Bir adam İsâ (as) ile yolculuğu sırasında gördükleri kemikleri, ondan diriltmesini veya bu sanatı kendisine öğretmesini ister. Bunun sonucu dirilen aslan tarafından parçalanarak öldürülür. Kişinin âb-ı hayatı elde etmesine, ebedi saâdeti kazanmasına, madden ve mânen diri kalmasına vesile olacak zamanının peygamberi olan böyle bir kişiden saçma sapan isteklerde bulunmaktan uzak durması gerekir. Ondan, kendini nefsin elinden kurtarıp tekrar diriltmesini istemelidir. Yine ondan istifade etmenin yolları aranmalıdır.[16]

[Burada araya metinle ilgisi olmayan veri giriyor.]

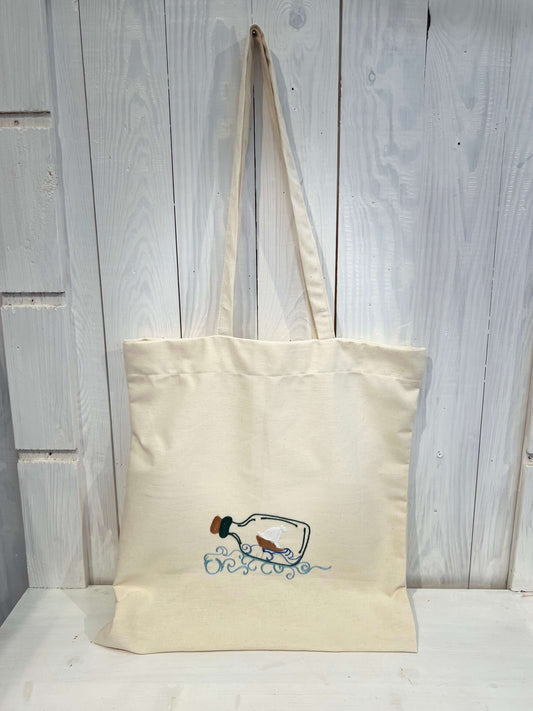 Tote Bag with Boat - Tote Bag - Shopper Bag - Tote Bag Embroidery Boat in the Bottle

“Bu hasta, nasıl oluyor da kendi derdiyle uğraşmıyor? Bu murdar herif neye kendi canının derdine düşmüyor?

Kendi ölüsünü bıraktı da yabancı ölüyü diriltmeye kalkıştı![17]

Mürşid-i kâmiller kişinin hastalığını hiçbir alet olmadan bilir ve görürler. Çünkü onlar, Allah’ın nuruna mazhar olmuşlardır. Allah’ın ilhamına nâil olduklarından gönül gözleri daima açıktır. Onlar seni görmeden, senin adını duymakla bile her haline vâkıf olup sende ki hastalıkları bilirler. Onlar, senin doğmadan önceki ahvâline dahi vâkıf olabilenlerdir.[18]

“O doktorlar, hastanın sidiğine bakar, hastalığını öyle anlar… bizim delilimizse ulu Allah’ın vahyidir, hastalığı vahiyle anlarız.[19]

Fakat kâmil, Allah doktorları, uzaktan adını duydular mı varlığının ta derinlerine kadar girerler!

Hattâ sen doğmadan yıllarca evvelki hallerini bile görürler!”[20]

Can rızkı mürşid-i kâmilin himmeti olmadıkça, çalışma ve gayretle elde edilemez. Nefis, kişinin bir mürşid-i kâmile bağlandığını görürse, kendisine zarar veremez. Kişi de onun üzerine galip gelir. Şeyhin yüzü, ejderha nefsin gözüne karşı bir koruyucu ve onun sıfatlarını yok edici bir hassasiyettir. Nefsin şerrinden emin olmak için onu şeyh tarafına götürmek gerekir. Çünkü o mürşid-i kâmil, nefsin bütün zulmâniyetinden kurtulmuş,  ruhâniyete tebdil etmiştir. Rabbin gönül makamına ulaşmışlardır. Sen ancak mürşid-i kâmilin, senin nefis ormanına girip orada aslan gibi, köpek misali nefsi ve onun kötü sıfatlarını avladığı zaman kendi halinin kötülüğünü ve mürşidinin kadir ve rütbesini anlarsın.[21]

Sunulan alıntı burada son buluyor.